◆ **WHAT THIS TASK INVOLVES**: Among the records that follow, find the line with "Coney Island engagement" and the line with "Young Asian woman". Set down those lines and all lines between them exactly, without adding anything.

(Excerpts from a dataset)
■ ■ ■
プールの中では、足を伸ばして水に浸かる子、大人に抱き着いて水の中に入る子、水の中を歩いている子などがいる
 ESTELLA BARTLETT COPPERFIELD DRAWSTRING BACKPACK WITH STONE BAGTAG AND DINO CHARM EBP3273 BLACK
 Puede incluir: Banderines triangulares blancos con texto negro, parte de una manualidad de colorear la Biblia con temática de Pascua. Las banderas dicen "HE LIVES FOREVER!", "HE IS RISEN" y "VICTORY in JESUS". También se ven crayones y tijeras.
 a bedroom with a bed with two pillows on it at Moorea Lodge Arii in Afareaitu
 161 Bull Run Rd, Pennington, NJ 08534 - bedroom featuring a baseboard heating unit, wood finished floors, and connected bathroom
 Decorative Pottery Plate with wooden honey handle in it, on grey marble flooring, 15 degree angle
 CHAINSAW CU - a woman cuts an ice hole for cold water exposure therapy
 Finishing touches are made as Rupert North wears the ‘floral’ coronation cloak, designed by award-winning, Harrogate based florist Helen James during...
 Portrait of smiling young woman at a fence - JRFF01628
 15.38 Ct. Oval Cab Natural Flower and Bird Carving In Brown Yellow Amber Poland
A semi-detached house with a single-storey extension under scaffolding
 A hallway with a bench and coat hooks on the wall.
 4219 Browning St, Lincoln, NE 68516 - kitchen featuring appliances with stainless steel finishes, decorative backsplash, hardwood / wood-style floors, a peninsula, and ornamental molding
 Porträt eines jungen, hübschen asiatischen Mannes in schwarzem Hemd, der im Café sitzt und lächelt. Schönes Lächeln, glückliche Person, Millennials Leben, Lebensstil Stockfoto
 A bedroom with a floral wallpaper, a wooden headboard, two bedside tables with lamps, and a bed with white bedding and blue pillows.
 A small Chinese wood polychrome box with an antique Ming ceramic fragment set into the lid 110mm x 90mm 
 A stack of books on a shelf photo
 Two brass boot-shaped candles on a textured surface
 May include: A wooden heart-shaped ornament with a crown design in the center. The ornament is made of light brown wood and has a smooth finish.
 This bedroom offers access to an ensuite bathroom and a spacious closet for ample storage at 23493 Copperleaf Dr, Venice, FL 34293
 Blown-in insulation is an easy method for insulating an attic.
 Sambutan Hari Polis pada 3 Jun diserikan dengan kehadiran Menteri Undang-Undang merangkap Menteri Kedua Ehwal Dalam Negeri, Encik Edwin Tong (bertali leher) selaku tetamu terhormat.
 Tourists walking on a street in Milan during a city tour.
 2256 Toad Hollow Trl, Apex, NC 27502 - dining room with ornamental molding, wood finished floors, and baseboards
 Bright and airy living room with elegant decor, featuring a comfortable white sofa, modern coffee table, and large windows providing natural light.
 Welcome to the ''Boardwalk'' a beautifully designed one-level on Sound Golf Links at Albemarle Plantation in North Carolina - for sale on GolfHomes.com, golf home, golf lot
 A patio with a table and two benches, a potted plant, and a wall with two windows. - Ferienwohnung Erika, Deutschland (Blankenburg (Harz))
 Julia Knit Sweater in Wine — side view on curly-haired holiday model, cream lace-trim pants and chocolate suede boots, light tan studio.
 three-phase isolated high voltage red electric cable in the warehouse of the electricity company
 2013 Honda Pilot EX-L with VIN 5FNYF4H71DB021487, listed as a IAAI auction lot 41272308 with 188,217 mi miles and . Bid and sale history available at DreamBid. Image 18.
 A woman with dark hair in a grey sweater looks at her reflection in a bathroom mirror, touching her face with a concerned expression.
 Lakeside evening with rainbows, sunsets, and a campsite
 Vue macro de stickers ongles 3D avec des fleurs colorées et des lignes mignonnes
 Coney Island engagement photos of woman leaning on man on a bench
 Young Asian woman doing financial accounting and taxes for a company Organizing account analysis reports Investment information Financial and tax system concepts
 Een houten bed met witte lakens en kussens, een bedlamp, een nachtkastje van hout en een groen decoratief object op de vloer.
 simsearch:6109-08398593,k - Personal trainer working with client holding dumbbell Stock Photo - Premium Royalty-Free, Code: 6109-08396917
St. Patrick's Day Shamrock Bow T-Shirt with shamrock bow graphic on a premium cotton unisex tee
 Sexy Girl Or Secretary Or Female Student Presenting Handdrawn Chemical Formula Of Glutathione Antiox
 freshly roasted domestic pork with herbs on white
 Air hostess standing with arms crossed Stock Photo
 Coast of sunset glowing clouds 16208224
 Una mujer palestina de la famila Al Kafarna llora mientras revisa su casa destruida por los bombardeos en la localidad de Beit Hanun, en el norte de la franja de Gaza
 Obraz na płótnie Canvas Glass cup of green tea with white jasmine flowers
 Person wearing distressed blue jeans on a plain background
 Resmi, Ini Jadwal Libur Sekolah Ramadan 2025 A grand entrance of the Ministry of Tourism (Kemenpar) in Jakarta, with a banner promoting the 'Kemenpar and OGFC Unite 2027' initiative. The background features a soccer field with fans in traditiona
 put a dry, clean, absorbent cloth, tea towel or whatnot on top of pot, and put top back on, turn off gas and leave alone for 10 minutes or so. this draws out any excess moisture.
■ ■ ■
◆ **RESULT FOR THIS TASK**:
 Coney Island engagement photos of woman leaning on man on a bench
 Young Asian woman doing financial accounting and taxes for a company Organizing account analysis reports Investment information Financial and tax system concepts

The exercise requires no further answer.